肤是毫无血色的青灰色,脉络凸起如蚯蚓,一看便绝非活人。南边立着个身段窈窕的女子,暗红色紧身衣勾勒出玲珑曲线,半张银色面具遮住容颜,只露出一双细长凤眼,瞳仁在月下泛着诡异紫光,正似笑非笑地打量着林小满,眼神像毒蛇般阴冷。

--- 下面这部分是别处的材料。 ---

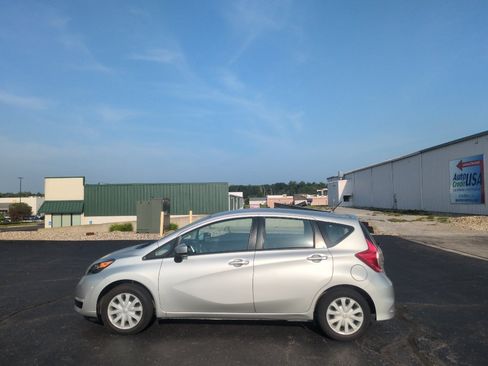 Used 2019 Nissan Versa Note SV FWD image 8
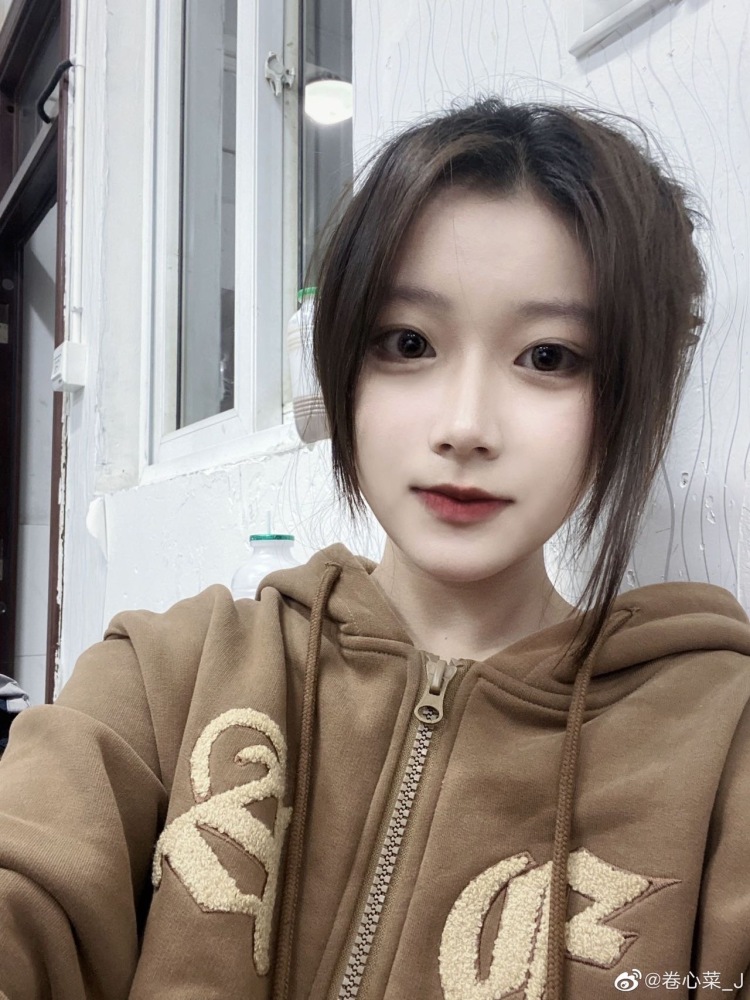 洲-江苏省·扬州市·江都区--接寄拍 美妆产品 护肤产品 美瞳 （骗子勿扰 穷学生 没钱骗）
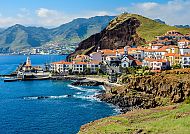 Madeira, Idyllische Küstenlandschaft von Madeira mit charmanten Häusern.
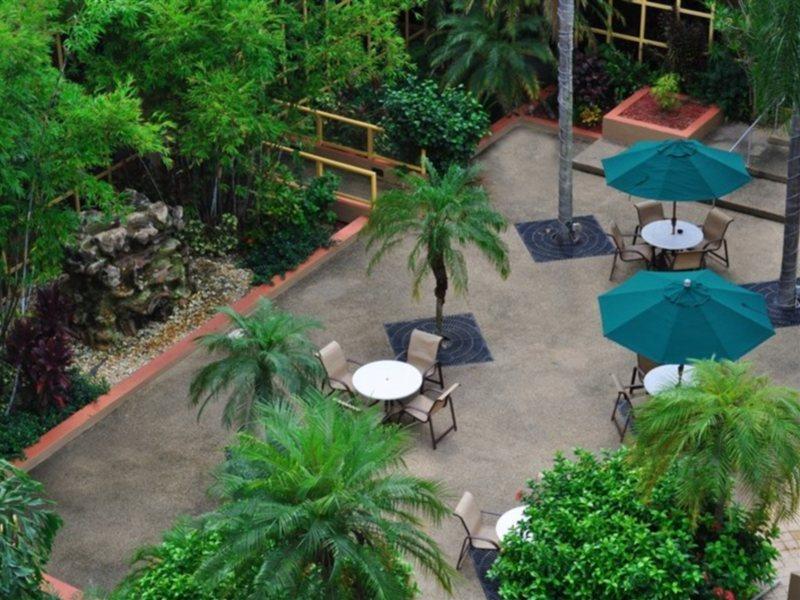 Sawgrass Grand Hotel And Suites Sports Complex Sunrise Εξωτερικό φωτογραφία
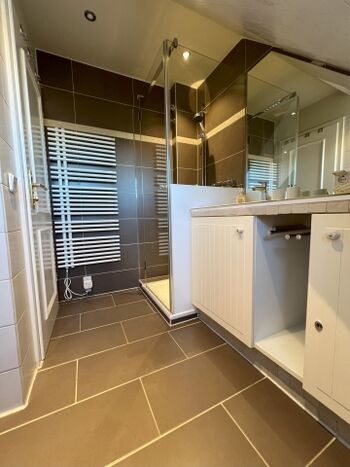 Handtuchtrockner, niedriger Duscheinstieg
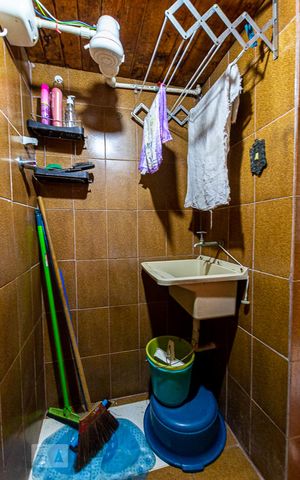 Studio para alugar com 33m², 1 quarto e sem vaga Studio para alugar com 33m², 1 quarto e sem vagaBanheiro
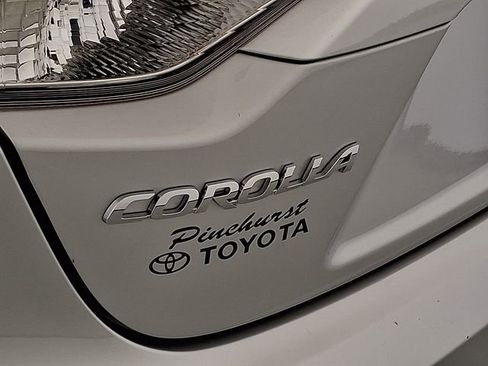 Used 2024 Toyota Corolla LE image 29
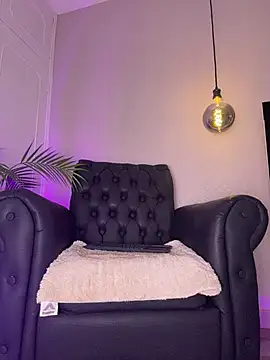 Sophie-velvet online show from 07/12/26, 07:49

而西边那人,让林小满看清的瞬间,瞳孔骤然收缩,握剑的手猛地收紧。
那竟是个十五六岁的少年,一身粗布衣裳洗得发白起球,头发乱糟糟地贴在额前,脸上还带着未脱的稚气,可一双眼睛却空洞无神,像两潭深不见底的寒渊,看不到半分情绪。最触目惊心的是他的左臂,从肩头处齐根断裂,空荡荡的袖管被风灌满,飘得格外刺眼。
“你们是谁?”林小满沉声喝问,剑尖斜指地面,灵力蓄势待发,随时能祭出杀招。
“我们?”红衣女子轻笑出声,声音娇媚入骨,却透着几分冰冷,“小姑娘别这么剑拔弩张,我们可不是来打架的。”
“不是打架,那深夜闯我山谷,所为何事?”
,!
“自然是来取回属于我们的东西。”东边老者开口,嘶哑声里添了几分笃定,青灰色的手微微抬起,目光死死锁在林小满手中的长剑上,“那把剑,从来不是你能拥有的。”
林小满指尖发力,剑身在掌心微微发烫:“归藏是我的本命灵剑,生死相依,何来不属于我一说?”
“本命灵剑?”一直沉默的少年突然开口,声音干涩沙哑,像是久未开口说话,“它认得你吗?”
这话古怪至极,透着说不清的悲凉。林小满正欲反驳,怀中长剑又是一阵剧烈震颤,这一次竟发出一声清晰可闻的悲鸣,那声音里交织着痛苦与愤怒,撕心裂肺,听得她心头一揪。
“你看,”少年空洞的眼眸牢牢盯着剑身,语气平淡却带着不容置疑,“它认得我们。”
“你们到底是何方神圣?!莫非是噬灵教余孽?”林小满厉声追问,心头的不安愈发浓重。
“噬灵教?”红衣女子嗤笑一声,语气满是鄙夷,“那种靠吞噬生灵精魂苟活的邪教,也配与我们相提并论?”
不是噬灵教!
林小满的心沉到了谷底。既非仇敌余党,却能引动归藏如此剧烈的反应,还对它的底细了如指掌,这群人的身份愈发诡异。
“三千年前,有一场大战,名为封魔之战。”老者缓缓开口,声音平静得像在诉说别人的故事,“参战的有正道修士,有妖族部族,还有我们这样的人。”
他缓缓抬头,兜帽下的目光扫来,林小满终于看清他的眼睛——那根本不是人的眼眸,而是两颗浑浊不堪、布满血丝的墨玉,死寂得没有半分神采。
“我们输了。”老者语气淡然,却藏着无尽沧桑,“输得一败涂地。活下来的人,要么被封印于绝地,要么隐匿世间,苟延残喘。而我们的神兵,我们的传承,尽数被你们口中的‘正道’夺走,或镇压,或销毁,无一幸免。”
他往前踏出一步,厚重的威压扑面而来,林小满下意识后退三尺,剑尖稳稳指向他心口,不敢有半分松懈。
“别紧张。”老者适时停步,“我说过,不是来打架的。我们只是想,取回同伴的遗物。”
他的目光再次落在归藏上,声音里添了几分复杂:“寂灭,或者说,如今该叫你归藏了?三千年了,好久不见。”
“嗡——!”
归藏剧烈颤抖,力道之大险些挣脱林小满的掌控,她脑中归藏的意识碎片疯狂翻涌,却始终拼凑不出完整画面,只剩无尽的痛苦与混乱,像是被强行撕扯着回忆过往。
“它不记得了。”少年低声道,空洞的眼底闪过一丝极淡的复杂,快得让人抓不住,“伤得太重,灵识残缺不全。”